▸ WHAT YOU NEED TO DO
Line by line, transcribe the data below exactly and pass over the images.

▸ DATA SECTION
┌──
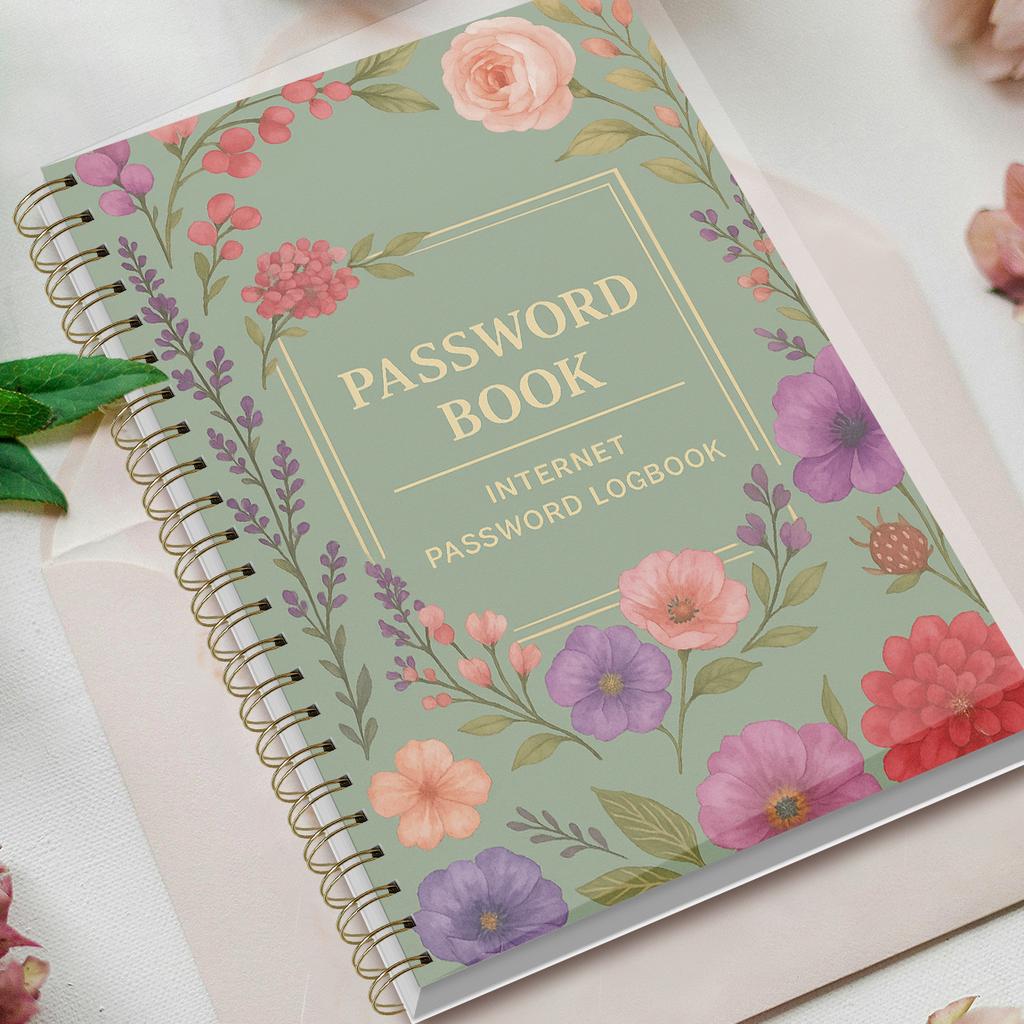 A5 Passwortbuch, Internetkonto- und Website-Login-Organizer, Notizbereich, Perfektes Passwortjournal zur Verwaltung der Cybersicherheit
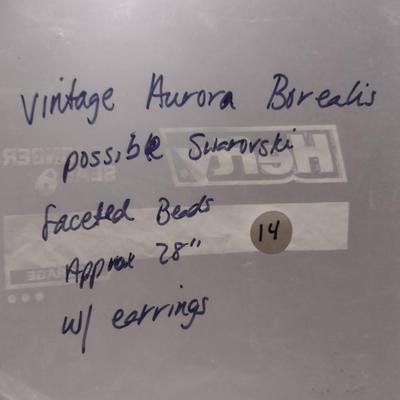 Vintage Aurora Borealis Necklace and Earrings- Faceted Beads, Possibly Swarovski- 28" Necklace (#14)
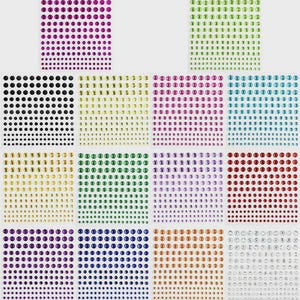 May include: A collection of adhesive rhinestone sheets in various colors, including purple, green, black, gold, pink, blue, red, and silver. Each sheet is filled with small, round, sparkling rhinestones, perfect for crafts and embellishments.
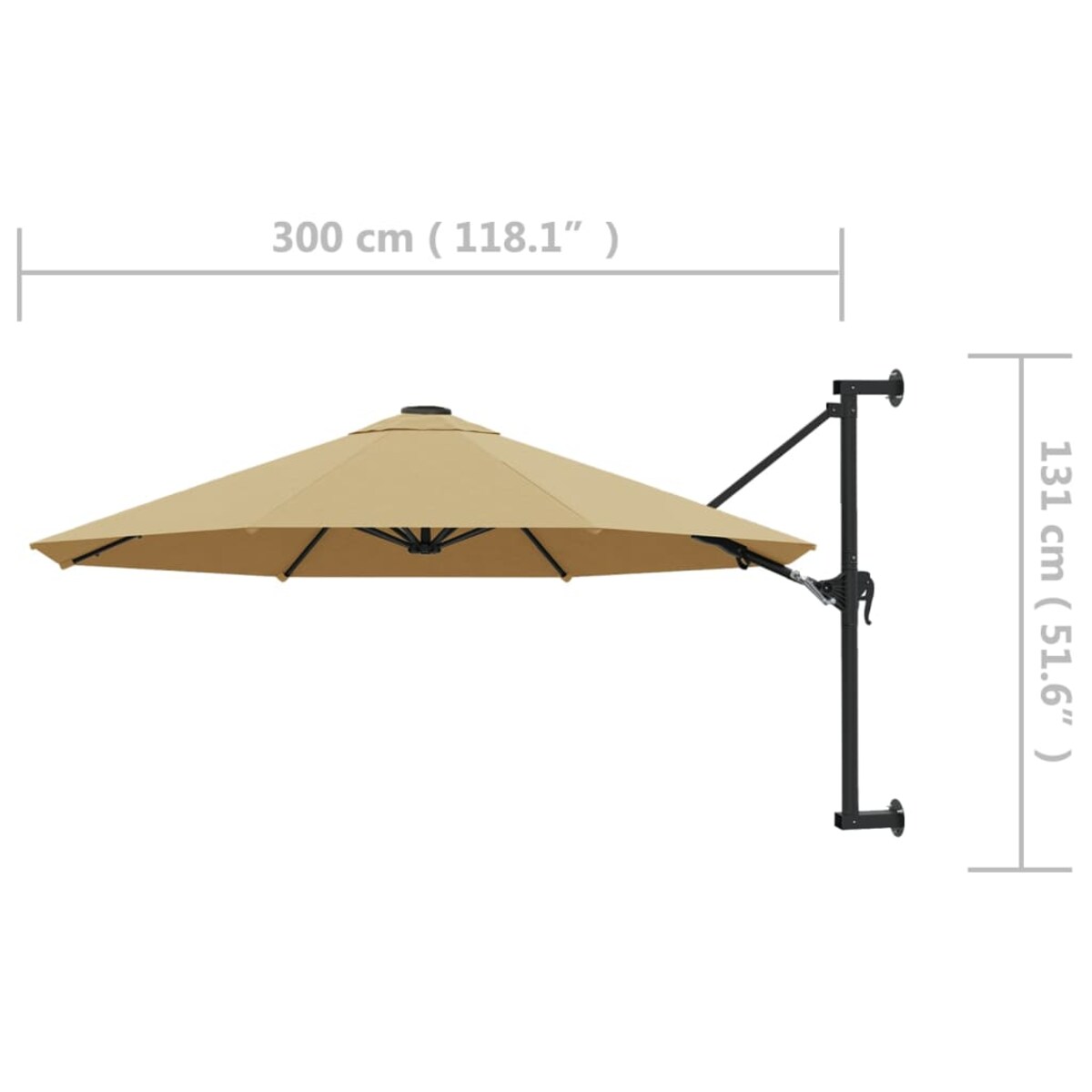 vidaXL Parasol ścienny na metalowym słupku, 300 cm, kolor taupe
└──
▸ PROBLEM SOLUTION
 A5 Passwortbuch, Internetkonto- und Website-Login-Organizer, Notizbereich, Perfektes Passwortjournal zur Verwaltung der Cybersicherheit
 Vintage Aurora Borealis Necklace and Earrings- Faceted Beads, Possibly Swarovski- 28" Necklace (#14)
 May include: A collection of adhesive rhinestone sheets in various colors, including purple, green, black, gold, pink, blue, red, and silver. Each sheet is filled with small, round, sparkling rhinestones, perfect for crafts and embellishments.
 vidaXL Parasol ścienny na metalowym słupku, 300 cm, kolor taupe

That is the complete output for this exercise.